Le chantier, dont le démarrage est programmé pour fin 2024, mobilisera des entreprises locales de génie civil. Sofatt table sur dix-huit mois de travaux avant la mise en service. L’entreprise promet de privilégier les fournisseurs congolais pour les agrégats et la maintenance courante des équipements.
Selon le directeur départemental de l’Industrie, l’usine générera 150 emplois directs et environ 400 emplois indirects dans le transport, la distribution et l’agriculture contractuelle. Ce potentiel alimente l’espoir de voir se constituer un écosystème régional centré sur la transformation des produits tropicaux.
Transfert de compétences et montée en gamme des savoir-faire
Au-delà du capital, la valeur ajoutée du projet réside dans la formation. Une cohorte de techniciens congolais séjournera en Chine pour maîtriser la calibration des lignes Tetra Pak et les protocoles de contrôle qualité ISO 22000, avant de répliquer ces compétences au sein des ateliers de Sofatt.
Lassina Ouattara insiste : « Nous voulons que la maintenance soit effectuée à 100 % par nos équipes locales d’ici trois ans ». Pour y parvenir, un centre de formation interne sera créé, doté de simulateurs numériques, tandis que des ingénieurs chinois assureront un tutorat progressif.

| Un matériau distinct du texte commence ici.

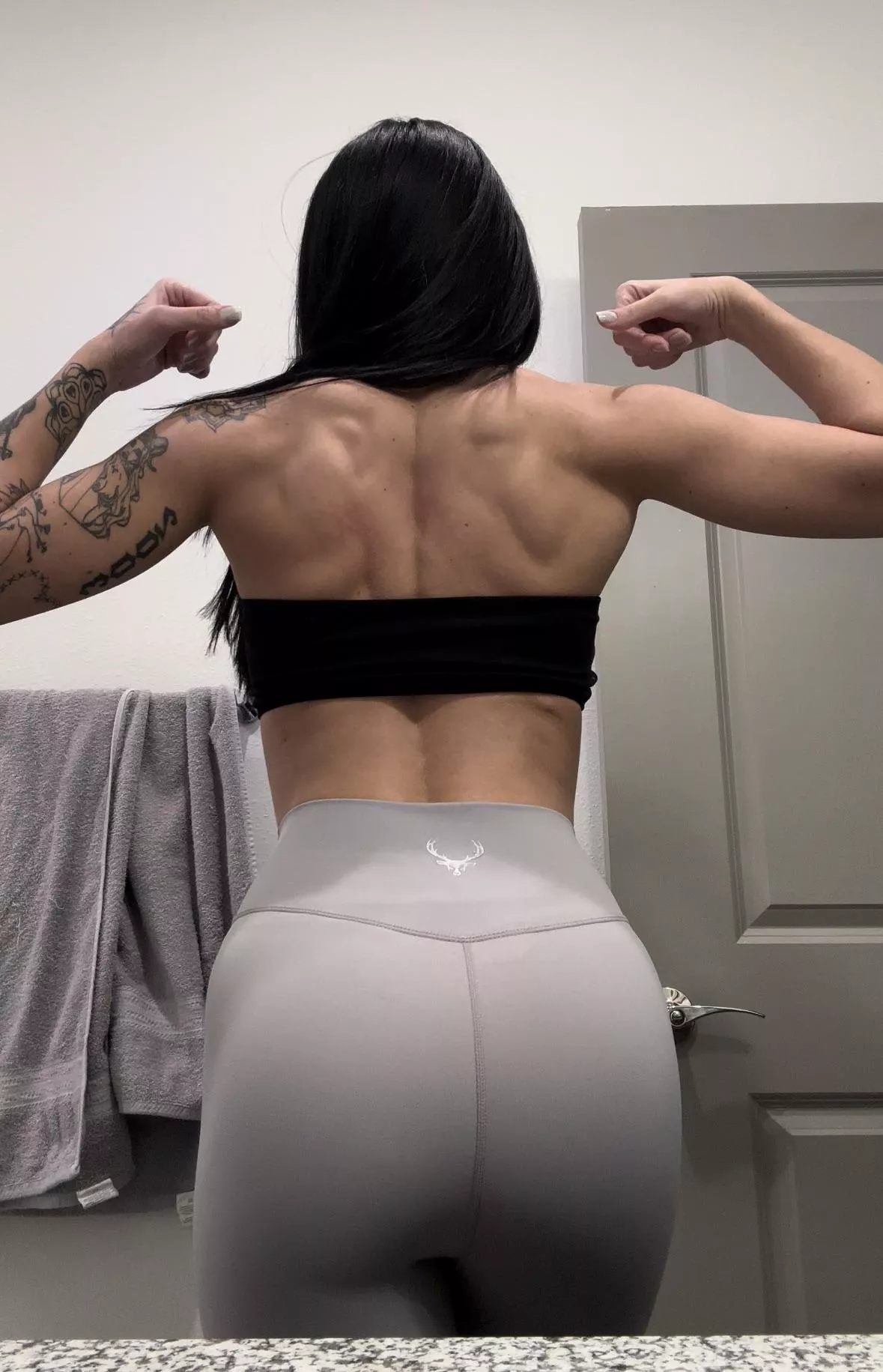 [f] back day!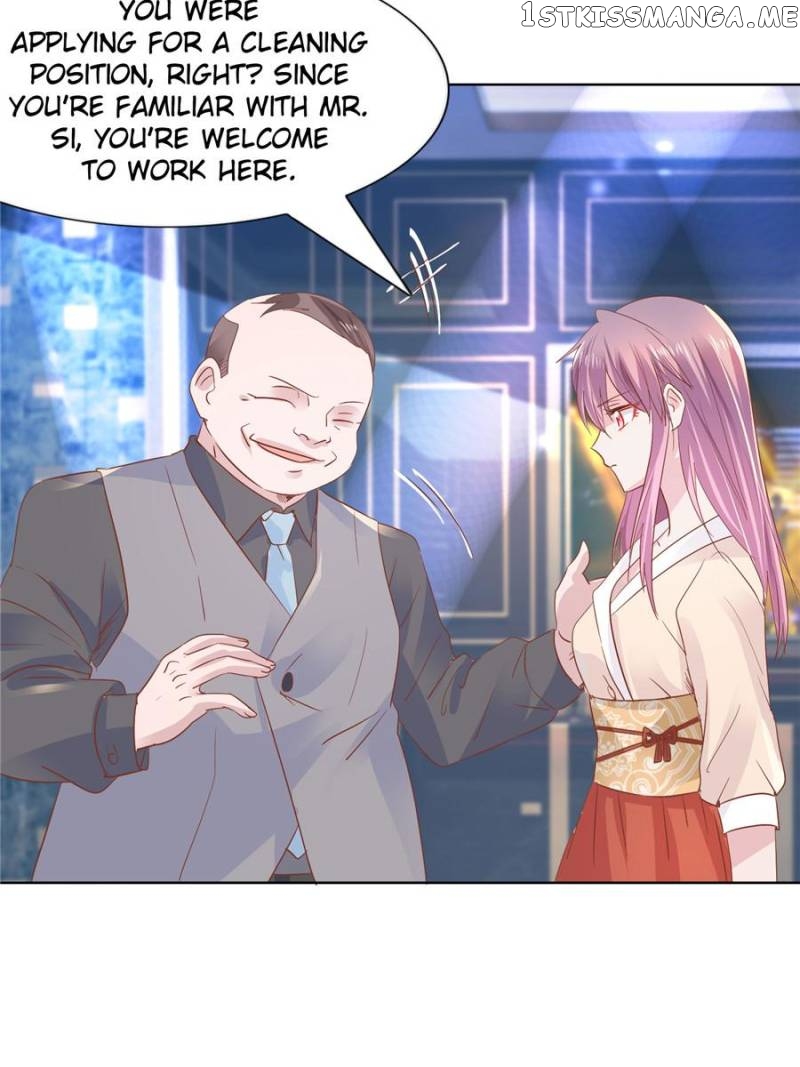 Hello, Heir chapter 10 - page 11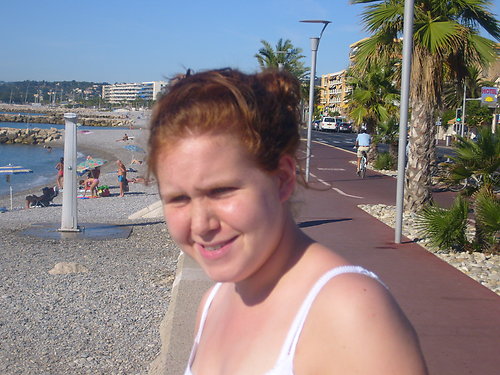 Elise Rousseaux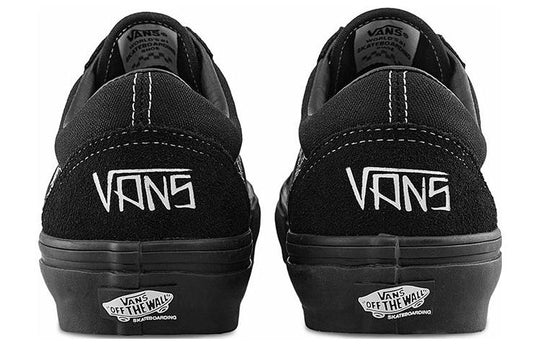 Vans Unisex Old Skool Classic Skate Shoes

Pour les économistes, cette stratégie répond à la nécessité de renforcer le capital humain, condition d’une industrialisation durable. Les expériences antérieures ont montré que l’importation de machines sans transfert de savoir-faire crée des dépendances coûteuses. Sofatt entend inverser cette dynamique en misant sur l’apprentissage continu.
Retombées économiques et sociales attendues
À l’échelon macroéconomique, l’arrivée d’une unité de production de jus et de yaourts contribue à réduire la facture des importations alimentaires estimée à 250 milliards FCFA par an. Chaque litre élaboré localement représente un gain de devises et une sécurisation de l’offre.

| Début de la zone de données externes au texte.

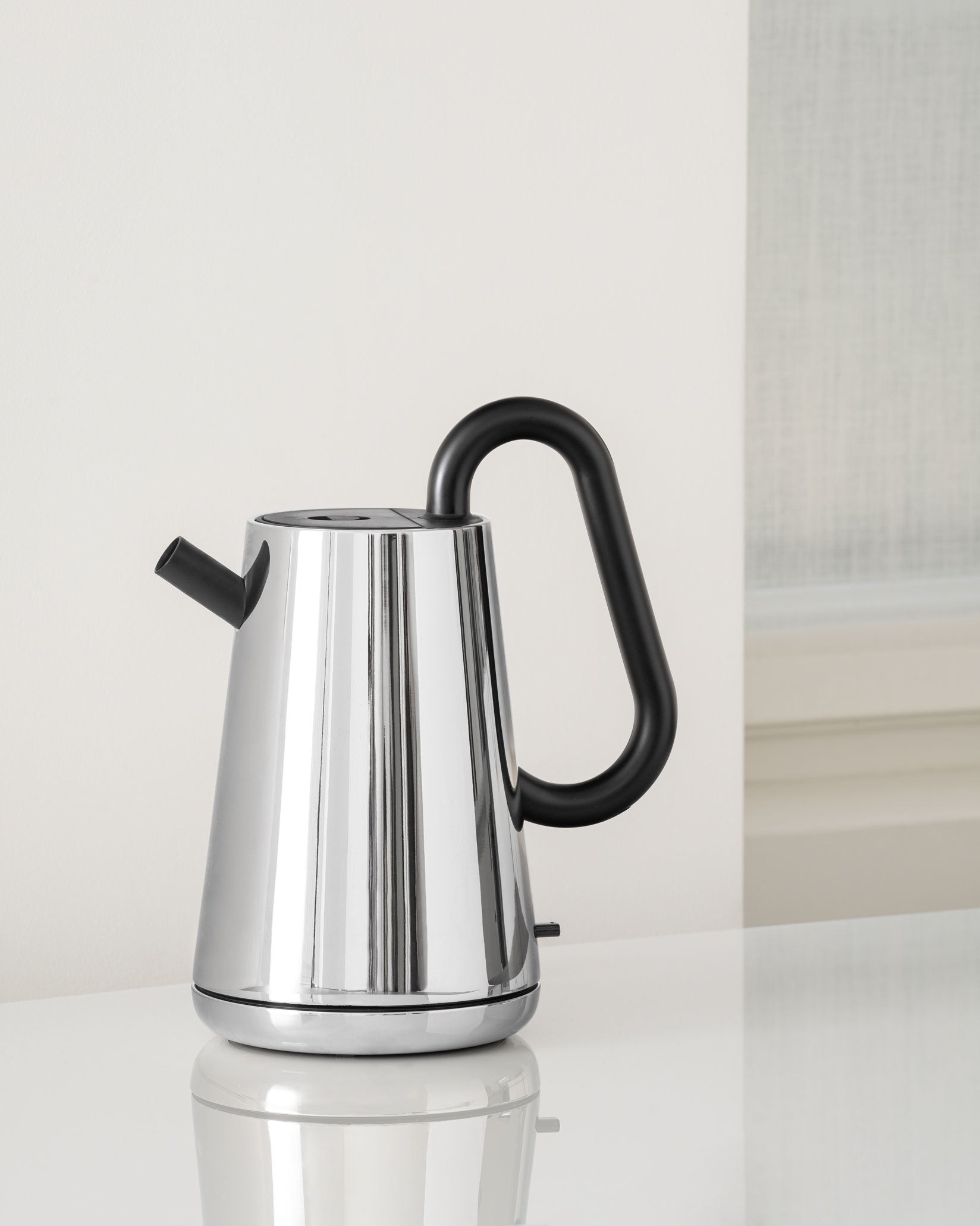 Alessi Toru Electric kettle
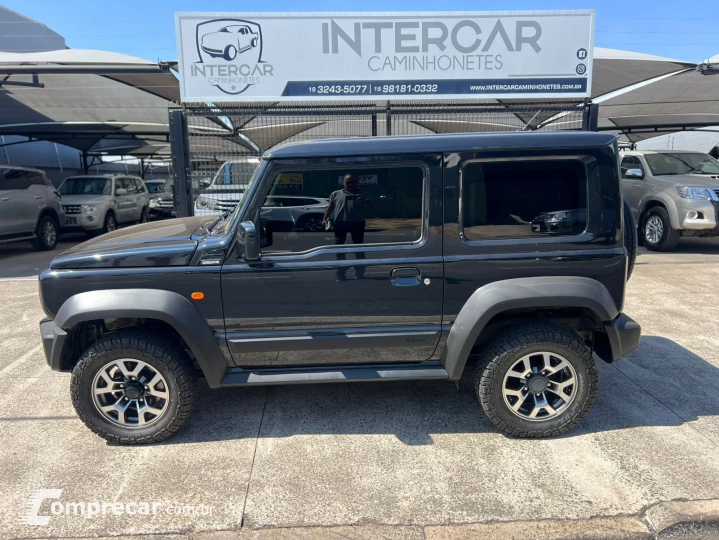 JIMNY 1.5 Sierra 4style 4X4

Sur le terrain, la société prévoit de contractualiser avec des coopératives rurales pour l’approvisionnement en fruits tropicaux. Cette approche devrait accroître les revenus des petits exploitants, renforcer la filière mangue-ananas et encourager la diversification agricole autour des bananes plantain et des goyaves.
Les recrues bénéficieraient d’une couverture sociale conforme au Code du travail et d’un fonds interne de formation continue. L’Institut national de la statistique estime que de tels dispositifs peuvent réduire de 7 % le taux de chômage des jeunes urbains dans les zones industrielles côtières.

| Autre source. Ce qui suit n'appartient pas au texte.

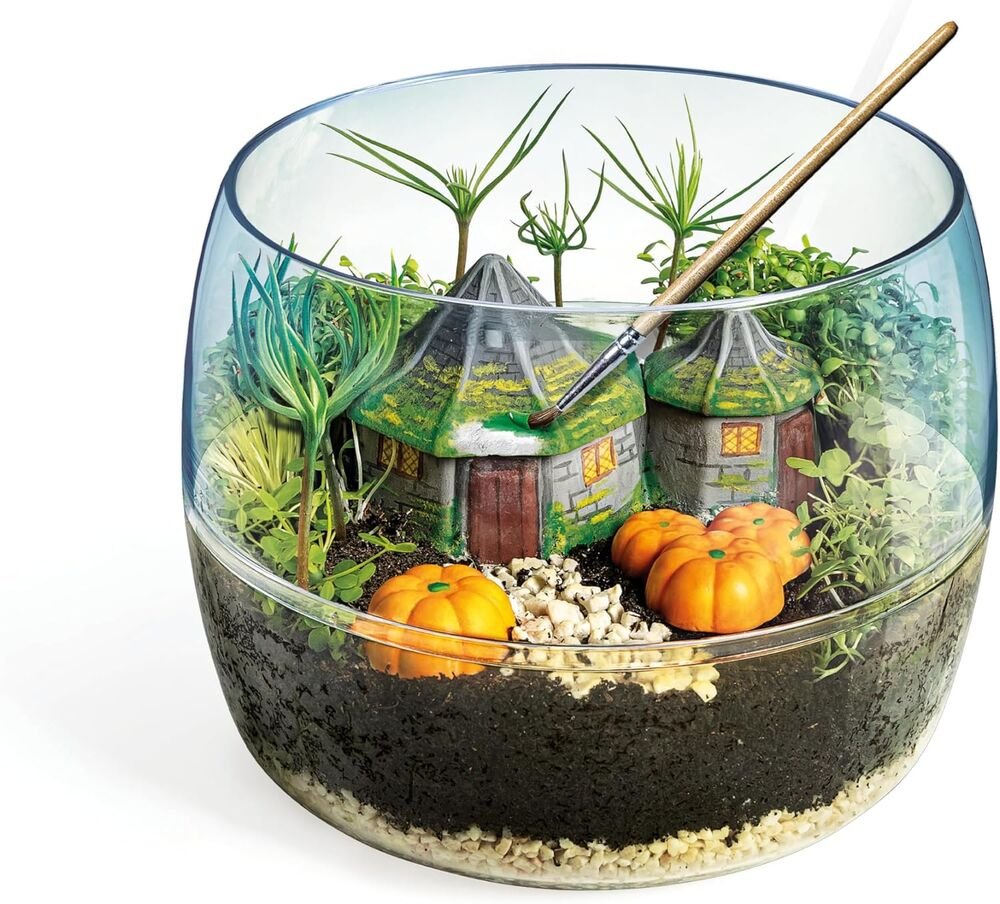 Harry Potter Terrarium - Image 5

Enjeux de souveraineté alimentaire et diversification
La pandémie et les tensions géopolitiques ont rappelé la fragilité des chaînes d’approvisionnement. En internalisant une partie de la transformation, le Congo consolide sa souveraineté alimentaire et s’émancipe des fluctuations de fret maritime qui renchérissent régulièrement les denrées importées.
Le projet s’inscrit aussi dans la stratégie de diversification prônée par les autorités pour réduire la dépendance aux exportations pétrolières. Selon le ministère du Plan, l’agro-industrie pourrait représenter 12 % du PIB en 2030, contre 4 % aujourd’hui, si les investissements annoncés se concrétisent.
Les experts rappellent toutefois que la compétitivité passera par l’énergie à coût maîtrisé et des infrastructures routières fiables. La mise en service prochaine du barrage de Liouesso et l’entretien de la Nationale 1 devraient améliorer l’environnement des affaires, estiment les analystes du Centre d’études économiques de Brazzaville.
Un cadre étatique propice à l’investissement
Reçu au ministère du Développement industriel, le projet Sofatt a obtenu un accord de principe pour bénéficier du guichet unique et des exonérations prévues par la loi portant incitations à l’investissement. « Notre rôle est d’accélérer les démarches afin que l’usine sorte de terre dans les délais », explique Antoine Fylla Saint-Eudes.
Le dispositif inclut une réduction temporaire de TVA sur les intrants et l’accès prioritaire à l’électricité issue du futur poste haute tension de Loango. Les services des douanes ont, de leur côté, promis un appui pour l’importation rapide des lignes de production modulaires.
Observateurs et entrepreneurs s’accordent : si ce modèle partenarial réussit, il pourrait inspirer d’autres secteurs, du textile au bois. L’enjeu, résume un consultant de l’Agence pour la promotion des investissements, est de « faire du Congo une plateforme industrielle ouverte sur l’Afrique centrale ».